Mr. Mortimer in summing up the case for the defense said: “What sort of country are we living in if a politician comes to Nottingham and speaks here to a group of people in the city centre and during his speech a heckler replies 'bollocks'. Are we to expect this person to be incarcerated, or do we live in a country where we are proud of our Anglo Saxon language? Do we wish our language to be virile and strong or watered down and weak?

Upon returning to the courtroom some 20 minutes later the chairman of the bench made this finding:

“Much as my colleagues and I wholeheartedly deplore the vulgar exploitation of the worst instincts of human nature for the purchases of commercial profits by both you and your company, we must reluctantly find you not guilty of each of the four charges.''

Loving you and leaving you for a bit. Bollock knives to follow....

Oh alright then! I'll give you a quick pic as a teaser....


Anonymous Curmy said...

Gavin, I'm shocked at such crudity, I'll have to reach for my smelling salts !

Thu Sep 07, 07:38:00 PM GMT+1  
Blogger Gavin Corder said...

Why do I doubt you, Curmy? I suspect it would take considerably more to give you the vapours!

Thu Sep 07, 08:12:00 PM GMT+1  
Blogger Sperestillan said...

Excellent lol! My own entry has now been updated with a link accordingly.

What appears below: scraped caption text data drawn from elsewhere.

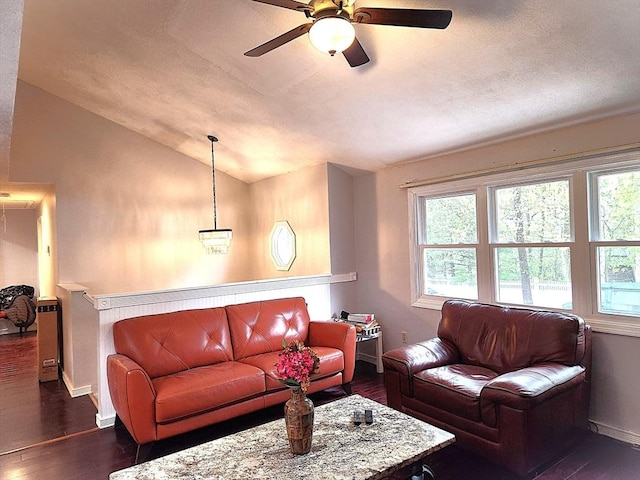 living area with a wealth of natural light, lofted ceiling, and ceiling fan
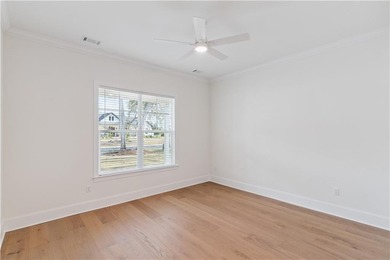 This thoughtfully designed home offers the ease of one-level on Oak Grove Island Golf and Country Club in Georgia - for sale on GolfHomes.com, golf home, golf lot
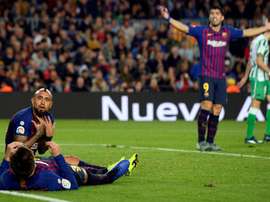 Arturo Vidal and Luis Suarez will not feature against Elche. AFP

And yes, confusing the enemy. A sound strategy learnt from the likes of Miyamoto Musashi. Unfortunately I haven't quite got the hang of it properly yet and have been known to end up confusing myself.

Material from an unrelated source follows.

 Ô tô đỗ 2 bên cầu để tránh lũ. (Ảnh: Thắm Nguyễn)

Thu Sep 07, 08:53:00 PM GMT+1  
Blogger IsobelMagsBuchan said...

Smut dressed up as an educational thesis.

Still smut though Gavin!

Turkish has the word 'ballak' which means fish. When I was over in Turkey I used to meet up with a group of four women I called the Glasgow Grannies, whenever they came over. Fantastic group of women, youngest of which was 65 and the eldest over 80. We were talking about fish one night and I told them what the Turkish word was and they all fell about laughing at the thought of nipping in the chippy in Glasgow and asking for a Ballak supper.

Thu Sep 07, 09:01:00 PM GMT+1  
Anonymous Sarnia said...

And Chelsea have a Ballack (German word for someone who has to pay thousands in duty for buying his squeeze a Fendi handbag in Dubai Duty Free).

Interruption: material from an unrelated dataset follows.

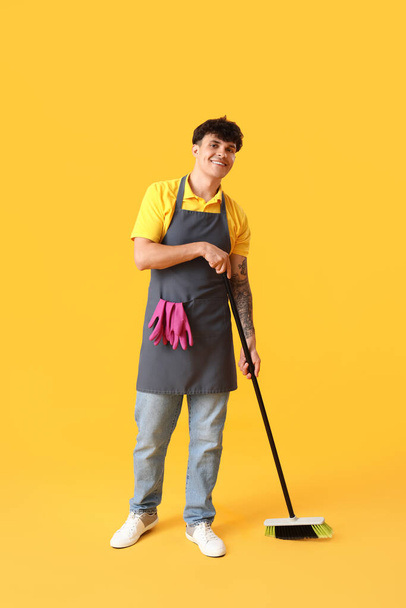 Male janitor with broom on yellow background - Fotoğraf, Görsel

Thu Sep 07, 09:26:00 PM GMT+1  
Blogger Sperestillan said...

Tisn't smut.
It's a sound guide to words we take for granted and today tend to misuse or misunderstand. We can't censor which words we can and can't examine.
That's my excuse anyway, and I'm sticking to it.

Thu Sep 07, 10:29:00 PM GMT+1  
Anonymous Sarnia said...

Sperestillan - I agree with you.

Fuck, for example (shock, horror swoon, faint) is a splendid example of a good old Anglo Saxon word.

I barely use it myself - only about five times a day and then generally directed towards my children.

Curmy - smelling salts available at a special offer for two for one on Gavin's Blog - offer ends Sunday.

Fri Sep 08, 12:35:00 AM GMT+1  
Anonymous Curmy said...

Thanks Sarnia, I'll avail myself of the special offer !

Fri Sep 08, 08:55:00 AM GMT+1  
Blogger Language said...

Thanks for this post -- you answered a question I needed answered for mine!